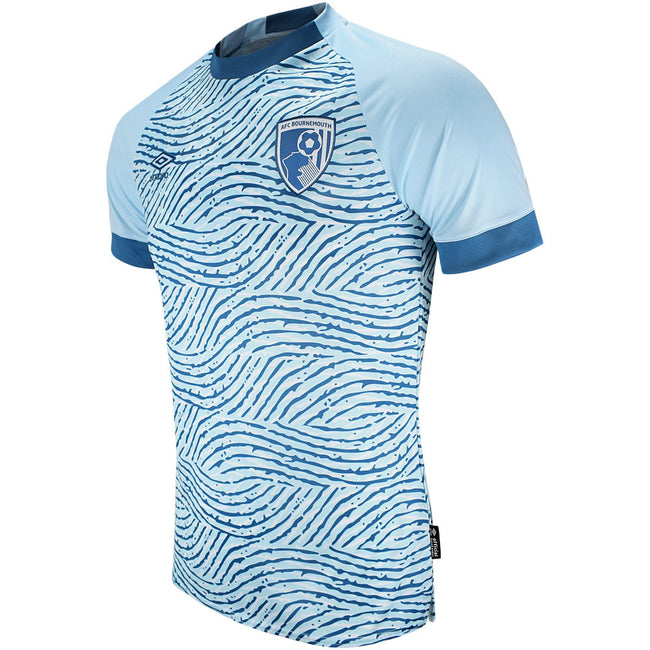 Blue-White - Side - Umbro Childrens-Kids 23-24 AFC Bournemouth Away Jersey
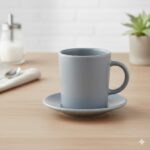 فنجان و نعلبکی اسپرسو ایکیا IKEA-DINERA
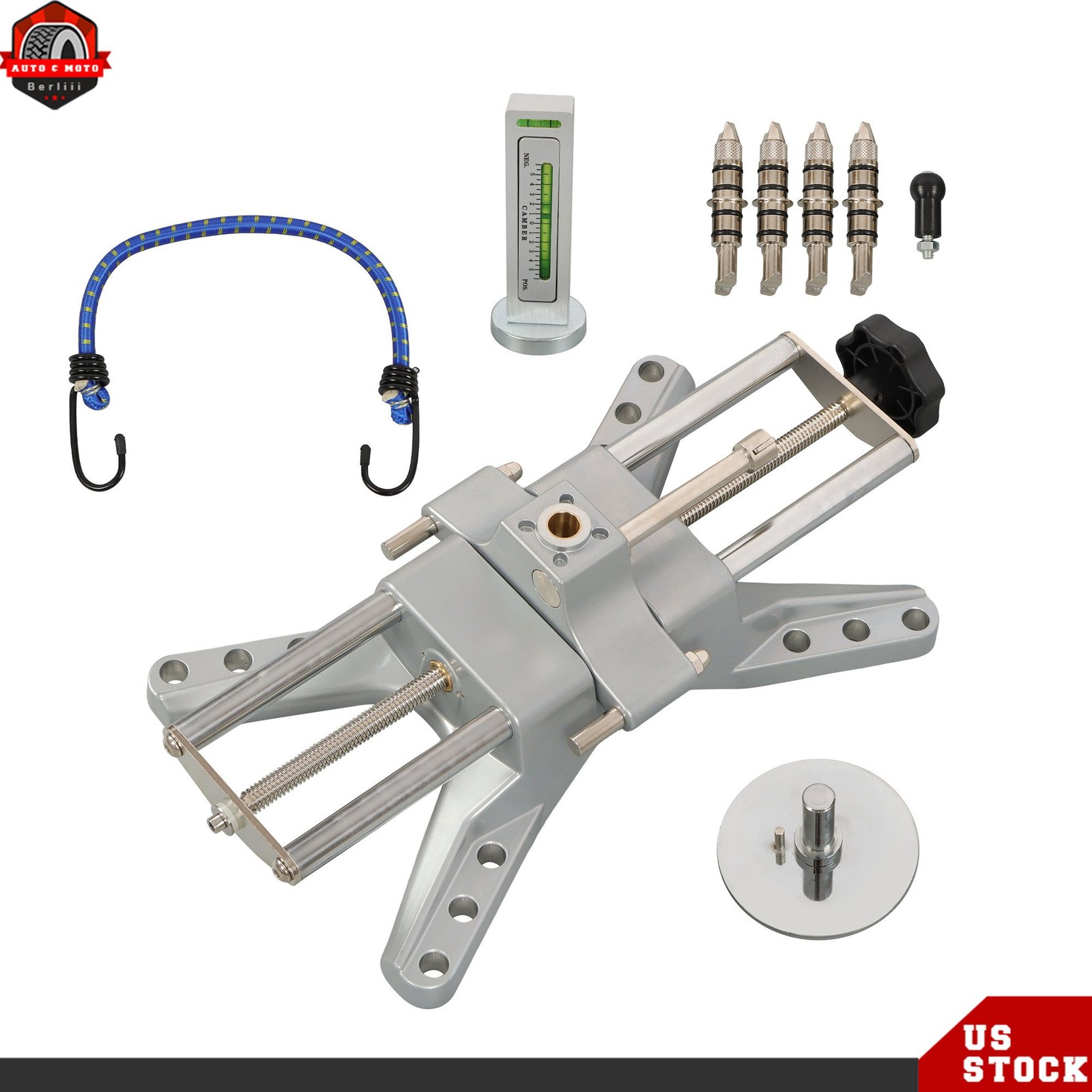 3D DSP Wheel Alignment Clamp with Tire Tread Grip Extensions & Magnetic Adapter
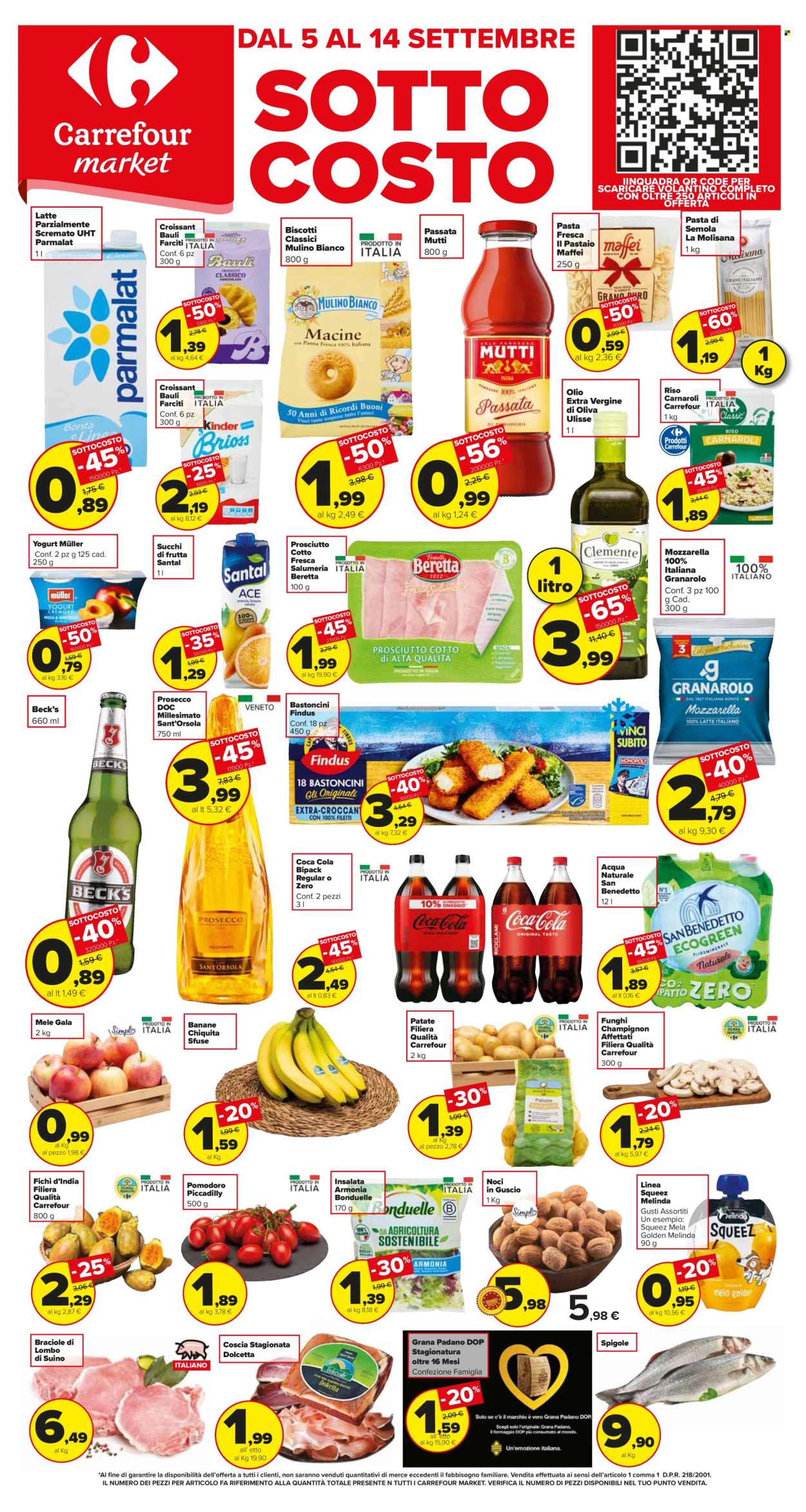 Volantino Carrefour - 5/9/2025 - 14/9/2025. Pagina 1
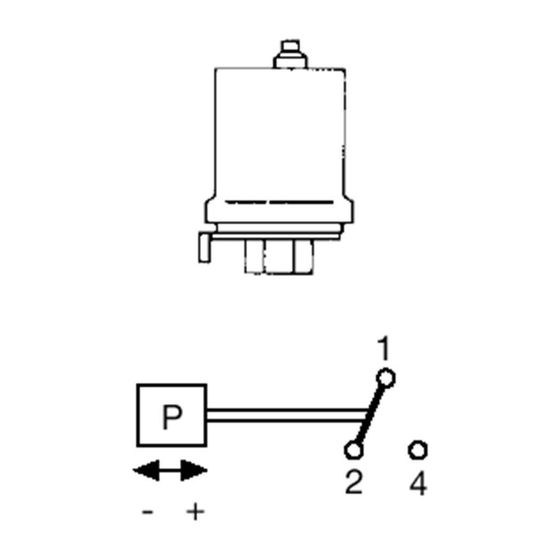 Grundfos Druckschalter FF4-32 2-32 bar 1polig, Zubehör für Unterwasserpumpen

______________________________

▶ [EXERCISE]: What's needed here is an exact repeat of all the records above, pictures excluded.

▶ [EXERCISE ANSWER]:
 Blue-White - Side - Umbro Childrens-Kids 23-24 AFC Bournemouth Away Jersey
 فنجان و نعلبکی اسپرسو ایکیا IKEA-DINERA
 3D DSP Wheel Alignment Clamp with Tire Tread Grip Extensions & Magnetic Adapter
 Volantino Carrefour - 5/9/2025 - 14/9/2025. Pagina 1
 Grundfos Druckschalter FF4-32 2-32 bar 1polig, Zubehör für Unterwasserpumpen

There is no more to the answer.